Among the entries below, please repeat exactly and only the lines from the line containing "Elegant White Flower Ring" to the line containing "Salvage Chrysler Town & Country", both lines included.

Brief descriptive captions:
◇ ◇ ◇ ◇ ◇ ◇ ◇
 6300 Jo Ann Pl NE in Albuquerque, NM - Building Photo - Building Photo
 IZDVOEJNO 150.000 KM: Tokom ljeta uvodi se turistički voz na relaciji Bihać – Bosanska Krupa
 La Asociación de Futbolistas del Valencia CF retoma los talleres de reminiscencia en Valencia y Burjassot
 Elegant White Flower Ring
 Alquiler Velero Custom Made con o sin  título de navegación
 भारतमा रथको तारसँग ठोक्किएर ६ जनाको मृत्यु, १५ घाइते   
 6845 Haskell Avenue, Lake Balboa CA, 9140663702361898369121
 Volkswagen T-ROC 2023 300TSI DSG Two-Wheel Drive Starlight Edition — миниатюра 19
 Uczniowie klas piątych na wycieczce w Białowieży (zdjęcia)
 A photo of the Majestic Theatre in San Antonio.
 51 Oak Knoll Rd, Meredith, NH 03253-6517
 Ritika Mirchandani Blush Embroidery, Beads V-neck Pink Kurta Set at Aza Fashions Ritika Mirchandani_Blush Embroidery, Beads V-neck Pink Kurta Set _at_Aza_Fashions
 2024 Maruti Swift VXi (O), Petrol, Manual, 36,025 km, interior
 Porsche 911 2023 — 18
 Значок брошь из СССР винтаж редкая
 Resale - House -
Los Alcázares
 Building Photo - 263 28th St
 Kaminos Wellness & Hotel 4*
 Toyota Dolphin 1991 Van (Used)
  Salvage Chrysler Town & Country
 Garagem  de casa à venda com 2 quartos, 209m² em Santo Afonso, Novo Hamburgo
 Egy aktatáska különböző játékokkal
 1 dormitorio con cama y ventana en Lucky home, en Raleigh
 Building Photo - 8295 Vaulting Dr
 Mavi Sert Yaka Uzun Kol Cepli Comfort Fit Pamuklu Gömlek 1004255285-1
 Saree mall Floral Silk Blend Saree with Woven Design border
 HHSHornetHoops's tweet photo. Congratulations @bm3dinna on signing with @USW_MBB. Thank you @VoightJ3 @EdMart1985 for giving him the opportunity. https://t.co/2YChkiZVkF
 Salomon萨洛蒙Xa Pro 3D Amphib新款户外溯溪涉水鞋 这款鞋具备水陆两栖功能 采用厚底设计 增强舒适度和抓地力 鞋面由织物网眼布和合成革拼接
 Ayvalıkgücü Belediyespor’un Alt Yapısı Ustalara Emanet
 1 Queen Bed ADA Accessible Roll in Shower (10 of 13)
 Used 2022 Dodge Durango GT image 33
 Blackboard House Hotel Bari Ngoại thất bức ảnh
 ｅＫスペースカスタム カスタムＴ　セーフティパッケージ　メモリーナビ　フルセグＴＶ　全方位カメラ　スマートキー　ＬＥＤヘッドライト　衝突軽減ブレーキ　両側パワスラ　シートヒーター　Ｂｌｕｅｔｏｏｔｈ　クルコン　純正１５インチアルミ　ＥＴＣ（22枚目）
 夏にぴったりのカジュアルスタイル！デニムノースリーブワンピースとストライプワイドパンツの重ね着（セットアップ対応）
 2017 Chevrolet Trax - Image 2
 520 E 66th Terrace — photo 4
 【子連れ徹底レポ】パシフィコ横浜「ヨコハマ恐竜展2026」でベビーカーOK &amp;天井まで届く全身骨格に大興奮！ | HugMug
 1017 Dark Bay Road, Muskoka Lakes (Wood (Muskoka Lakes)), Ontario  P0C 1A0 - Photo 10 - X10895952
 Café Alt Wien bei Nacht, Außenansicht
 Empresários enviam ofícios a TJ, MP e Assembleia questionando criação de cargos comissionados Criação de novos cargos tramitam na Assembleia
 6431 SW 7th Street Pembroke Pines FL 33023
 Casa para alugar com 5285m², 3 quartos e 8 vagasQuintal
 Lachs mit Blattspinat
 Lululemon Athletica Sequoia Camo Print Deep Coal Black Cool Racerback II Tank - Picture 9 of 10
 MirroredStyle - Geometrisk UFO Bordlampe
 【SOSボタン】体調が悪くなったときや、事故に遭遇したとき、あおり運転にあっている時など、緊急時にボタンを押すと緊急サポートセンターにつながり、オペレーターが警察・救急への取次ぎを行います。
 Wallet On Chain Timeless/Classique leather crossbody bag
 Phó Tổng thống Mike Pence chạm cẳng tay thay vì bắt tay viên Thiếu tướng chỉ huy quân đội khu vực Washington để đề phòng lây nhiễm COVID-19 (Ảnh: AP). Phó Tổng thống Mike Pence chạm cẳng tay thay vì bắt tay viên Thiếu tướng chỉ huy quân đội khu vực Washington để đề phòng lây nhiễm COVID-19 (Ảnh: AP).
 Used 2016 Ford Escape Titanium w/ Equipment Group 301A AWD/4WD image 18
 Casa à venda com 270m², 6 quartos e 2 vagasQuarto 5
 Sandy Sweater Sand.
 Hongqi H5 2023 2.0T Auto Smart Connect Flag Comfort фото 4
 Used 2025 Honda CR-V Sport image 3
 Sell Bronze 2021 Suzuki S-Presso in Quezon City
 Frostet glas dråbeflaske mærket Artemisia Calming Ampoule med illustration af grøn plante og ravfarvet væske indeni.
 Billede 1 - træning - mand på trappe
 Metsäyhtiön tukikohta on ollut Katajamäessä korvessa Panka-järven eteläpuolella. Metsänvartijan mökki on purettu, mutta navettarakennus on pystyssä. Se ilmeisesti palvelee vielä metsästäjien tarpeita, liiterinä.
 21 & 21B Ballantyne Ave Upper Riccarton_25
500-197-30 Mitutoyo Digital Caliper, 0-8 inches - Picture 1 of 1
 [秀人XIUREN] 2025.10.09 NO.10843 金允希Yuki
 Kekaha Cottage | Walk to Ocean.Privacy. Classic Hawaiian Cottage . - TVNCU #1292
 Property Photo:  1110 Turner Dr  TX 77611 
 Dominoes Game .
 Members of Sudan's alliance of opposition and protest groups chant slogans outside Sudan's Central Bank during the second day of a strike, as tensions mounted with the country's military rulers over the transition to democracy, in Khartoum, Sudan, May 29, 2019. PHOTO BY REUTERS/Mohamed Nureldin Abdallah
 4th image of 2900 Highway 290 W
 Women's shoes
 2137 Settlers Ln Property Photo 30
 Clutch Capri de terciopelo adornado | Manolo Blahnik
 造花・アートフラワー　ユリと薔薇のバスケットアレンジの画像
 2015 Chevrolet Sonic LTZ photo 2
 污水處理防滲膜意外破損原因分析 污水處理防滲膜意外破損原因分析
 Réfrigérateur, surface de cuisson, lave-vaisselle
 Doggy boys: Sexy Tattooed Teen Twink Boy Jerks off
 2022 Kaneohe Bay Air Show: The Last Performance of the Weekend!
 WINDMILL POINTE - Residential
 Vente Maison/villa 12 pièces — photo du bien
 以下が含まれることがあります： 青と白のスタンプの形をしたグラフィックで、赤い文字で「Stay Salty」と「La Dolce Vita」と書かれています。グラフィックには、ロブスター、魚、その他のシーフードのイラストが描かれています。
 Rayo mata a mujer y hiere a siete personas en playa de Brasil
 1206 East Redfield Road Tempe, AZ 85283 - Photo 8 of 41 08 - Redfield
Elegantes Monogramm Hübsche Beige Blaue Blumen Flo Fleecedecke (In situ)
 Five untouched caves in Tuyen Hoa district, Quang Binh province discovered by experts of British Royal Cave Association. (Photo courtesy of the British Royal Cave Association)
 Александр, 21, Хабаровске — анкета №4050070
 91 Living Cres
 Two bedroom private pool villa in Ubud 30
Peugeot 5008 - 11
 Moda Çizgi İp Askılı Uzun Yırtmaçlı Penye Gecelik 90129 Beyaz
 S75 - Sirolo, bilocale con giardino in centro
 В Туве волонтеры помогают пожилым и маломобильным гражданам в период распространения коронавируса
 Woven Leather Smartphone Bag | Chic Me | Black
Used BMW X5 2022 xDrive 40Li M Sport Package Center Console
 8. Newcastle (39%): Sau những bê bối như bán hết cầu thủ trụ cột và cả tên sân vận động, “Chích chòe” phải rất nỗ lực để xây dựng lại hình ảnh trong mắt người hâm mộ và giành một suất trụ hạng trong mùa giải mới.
◇ ◇ ◇ ◇ ◇ ◇ ◇
**Expected answer:**
 Elegant White Flower Ring
 Alquiler Velero Custom Made con o sin  título de navegación
 भारतमा रथको तारसँग ठोक्किएर ६ जनाको मृत्यु, १५ घाइते   
 6845 Haskell Avenue, Lake Balboa CA, 9140663702361898369121
 Volkswagen T-ROC 2023 300TSI DSG Two-Wheel Drive Starlight Edition — миниатюра 19
 Uczniowie klas piątych na wycieczce w Białowieży (zdjęcia)
 A photo of the Majestic Theatre in San Antonio.
 51 Oak Knoll Rd, Meredith, NH 03253-6517
 Ritika Mirchandani Blush Embroidery, Beads V-neck Pink Kurta Set at Aza Fashions Ritika Mirchandani_Blush Embroidery, Beads V-neck Pink Kurta Set _at_Aza_Fashions
 2024 Maruti Swift VXi (O), Petrol, Manual, 36,025 km, interior
 Porsche 911 2023 — 18
 Значок брошь из СССР винтаж редкая
 Resale - House -
Los Alcázares
 Building Photo - 263 28th St
 Kaminos Wellness & Hotel 4*
 Toyota Dolphin 1991 Van (Used)
  Salvage Chrysler Town & Country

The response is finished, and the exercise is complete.